El primer modelo testimonial asustó a muchos cristianos que se sentían infantilizados y desvalorizados en sus conocimientos profesionales; no sentían ya a la Iglesia como un hogar espiritual y desconsolados se alejaban de la institución pero no del Cristianismo como valor y generosa utopía de Jesús. El segundo modelo, el del diálogo, acercó a muchos que se sintieron en casa, ayudando a construir una Iglesia-aprendiz, abierta al diálogo con todos. El efecto que producía era un sentimiento de libertad y de creatividad. Así vale la pena ser cristiano.

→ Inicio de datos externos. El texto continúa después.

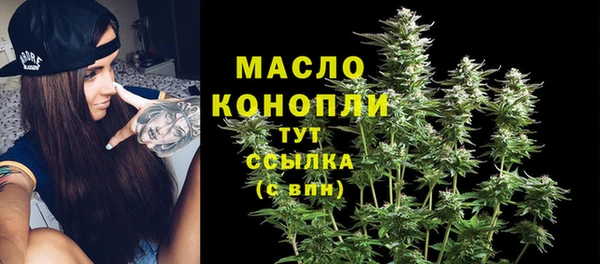 2c-b Верхнеуральск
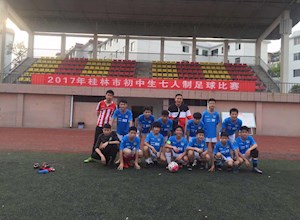 我校男足获2017年度初中生七人制足球赛冠军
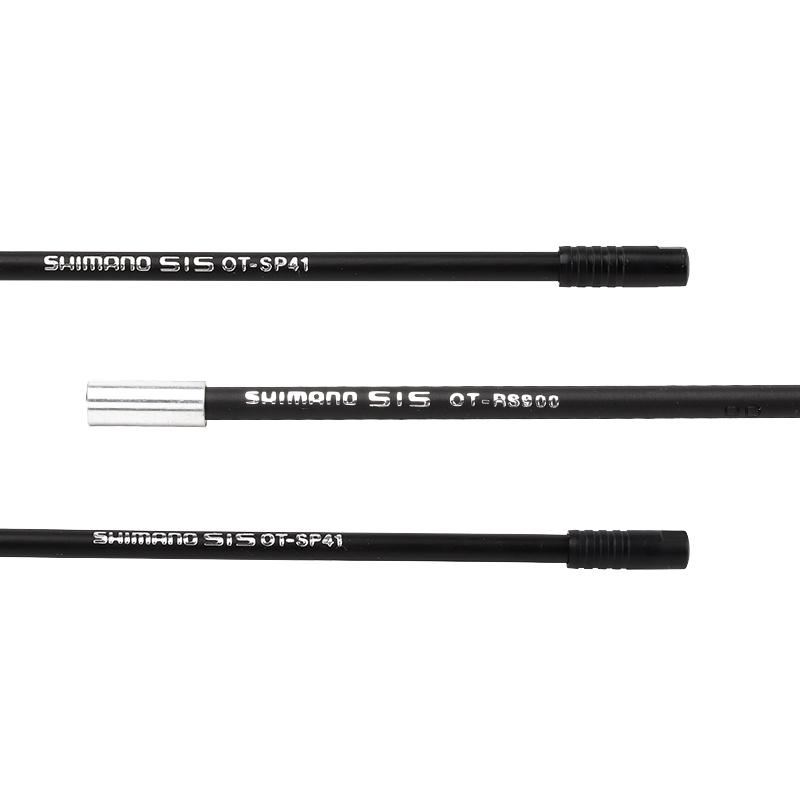 SHIMANO禧玛诺原厂分段注油线管山地自行车通用铁氟龙变速线芯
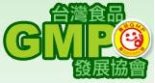 台灣食品GMP發展協會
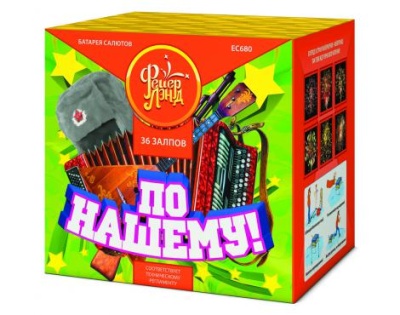 По-нашему! Фейерверк купить в Бодайбо | bodajbo.salutsklad.ru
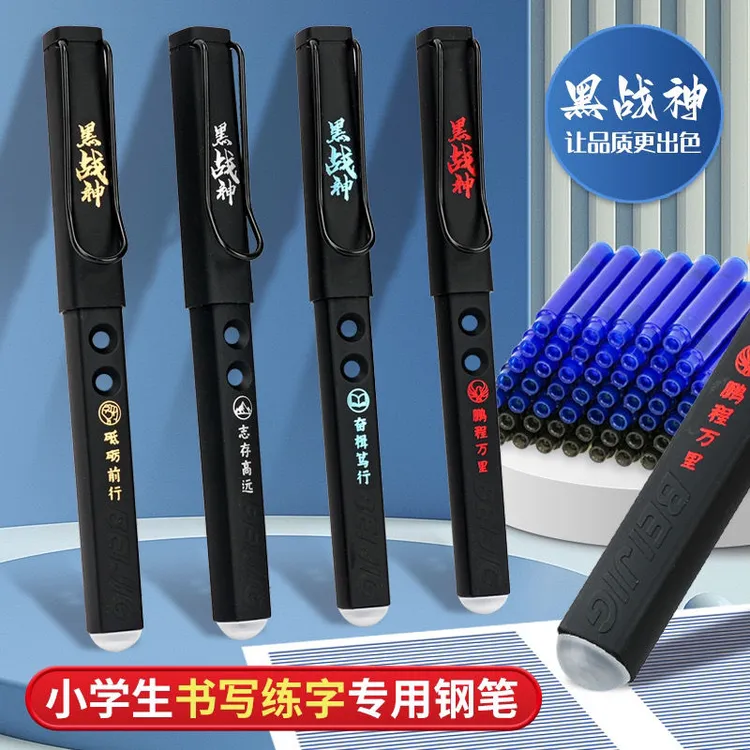 正版黑战神小学生专用可擦钢笔国潮正方形摩易擦练字笔三年级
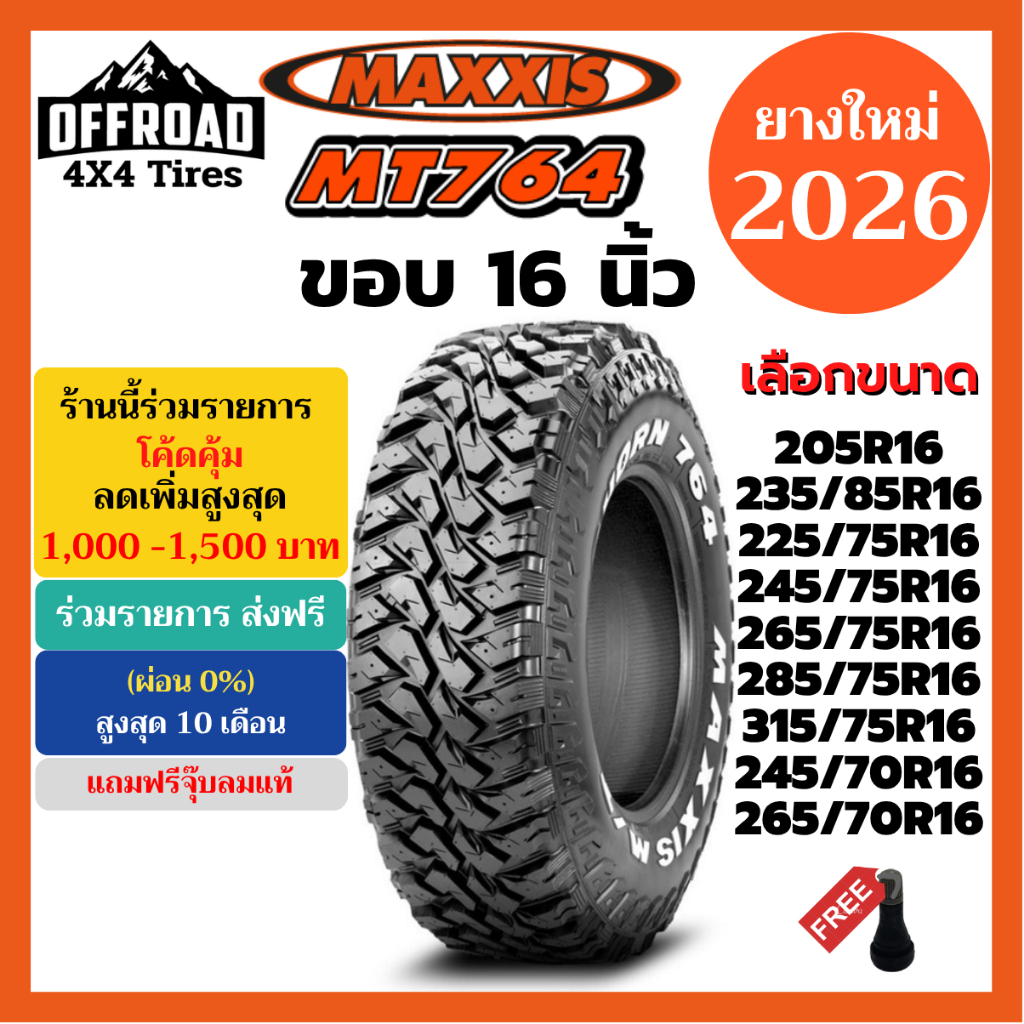 Maxxis MT764 ขอบ 16 นิ้ว 💥ยางใหม่ปี 2026💥กดโค้ดส่วนลดและส่งฟรีที่หน้าแรก💥ราคาถูกที่สุด💥แถมจุ๊บลมแท้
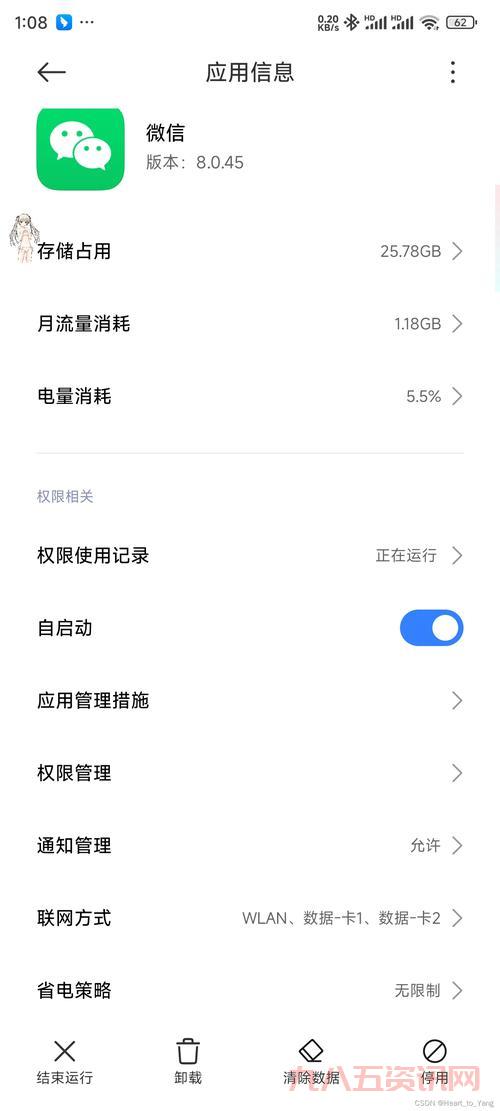 小米2 root失败怎么办？教你几招解决难题！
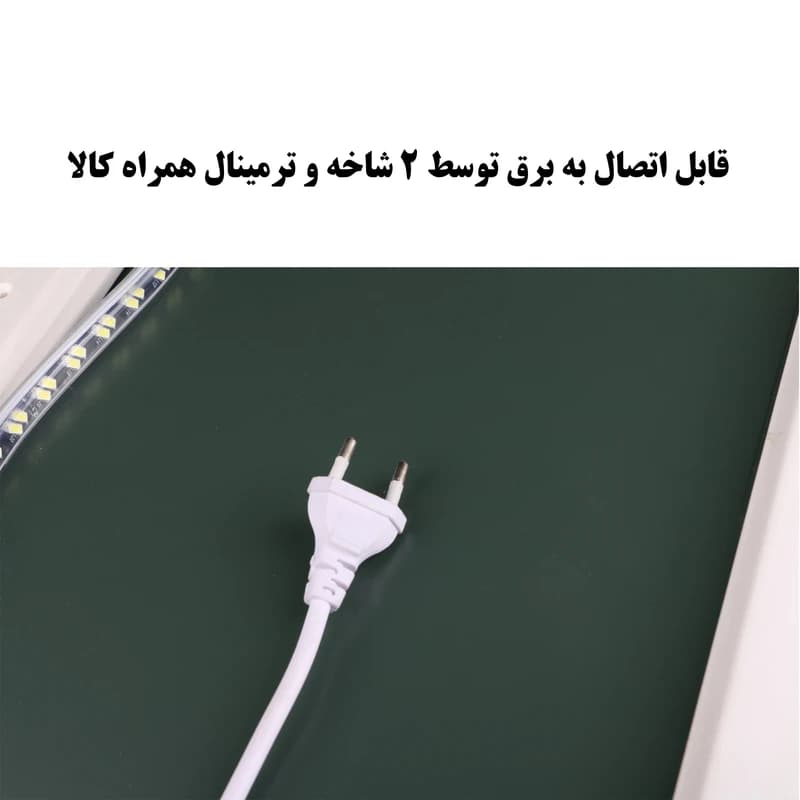 آینه دلفین مدل N-R-7050 — تصویر ۴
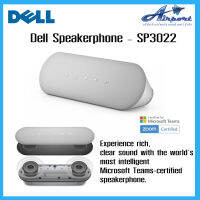 Dell Speakerphone – SP3022 ลำโพง ลำโพงต่อคอมพิวเตอร์ usb ใช้ไฟจากคอมได้เลยด้วย usb ดีไซน์ สวยงาม น่าใช้และประหยัดพื้นที่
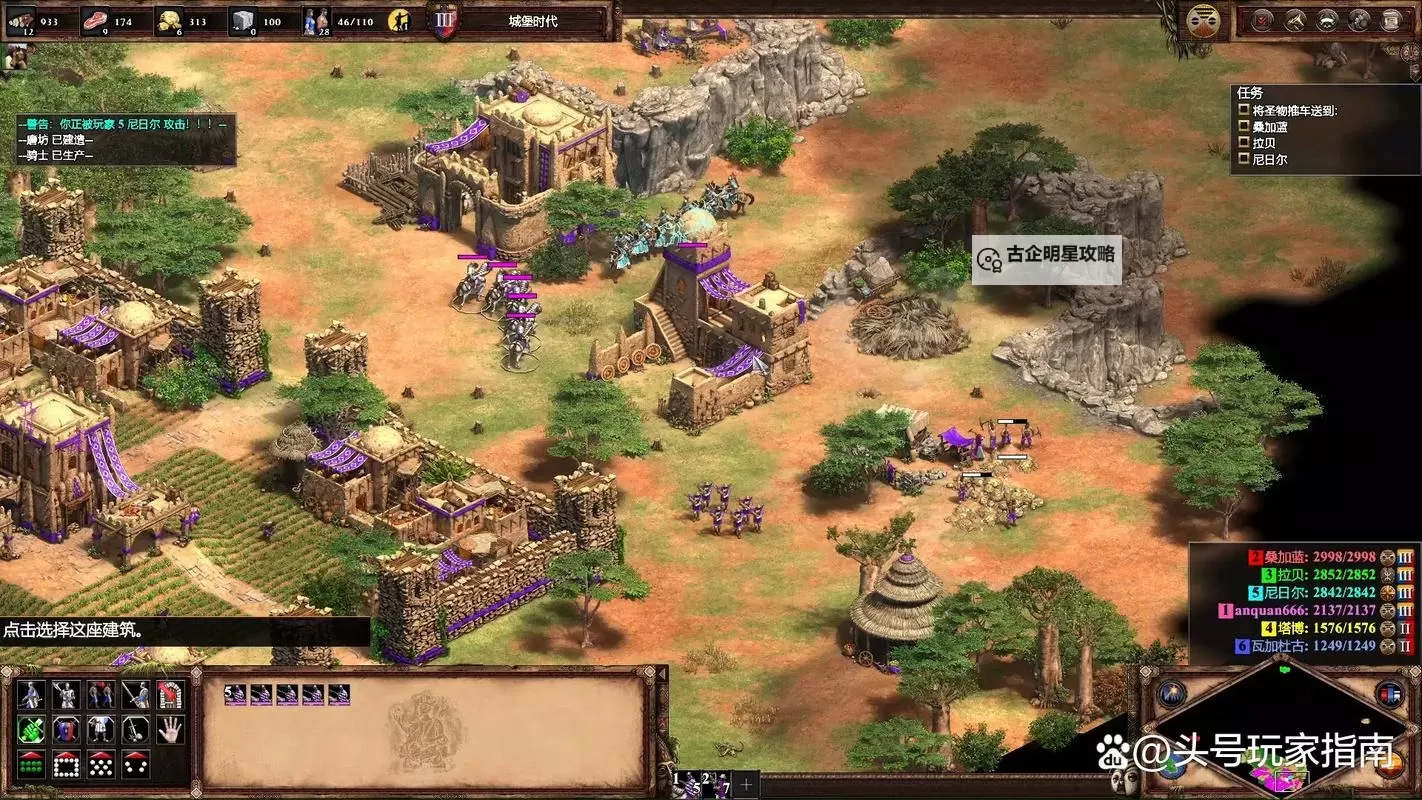 五大战略游戏合集 有哪些好玩的战略游戏图1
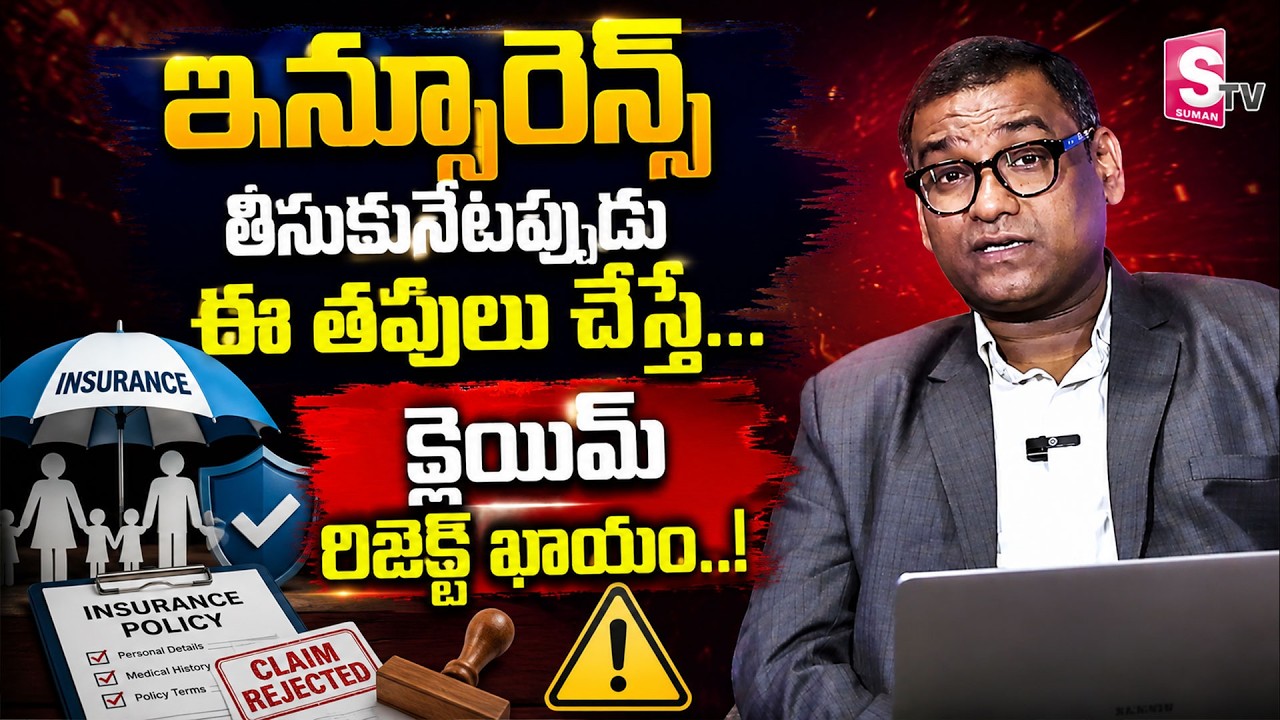 Term Insurance Mistakes to Avoid | Online vs Offline Insurance | Claim Rejection Guide 2026 Telugu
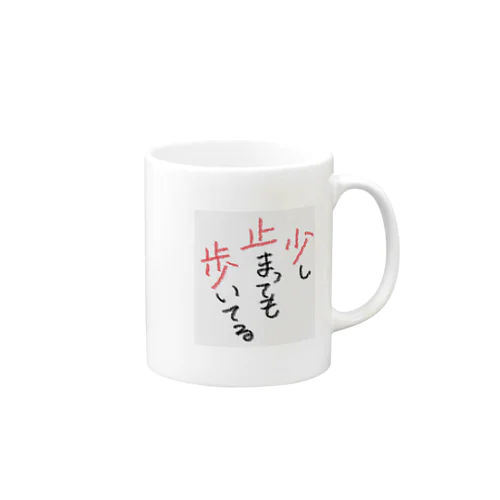 歩く。少し止まっても歩いている。 Mug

Ese modelo de diálogo es urgente si la Iglesia quisiera salir de la crisis en que se ha metido y que ha llegado a un punto de quiebre: la moral (los pedófilos)y otros problemas graves en el Banco del Vaticano) y la pérdida de fieles sobre todo entre la juventud.
Debemos discernir con inteligencia qué es lo que actualmente sirve mejor al mensaje cristiano dentro de una crisis ecológica y social de gravísimas consecuencias. El problema central del mundo no es la Iglesia (cada vez más blanca y europea) sino el futuro de la Madre Tierra, de la vida de nuestra civilización. ¿Cómo ayudará la Iglesia en esa travesía? Solo dialogando y aunando fuerzas con todos.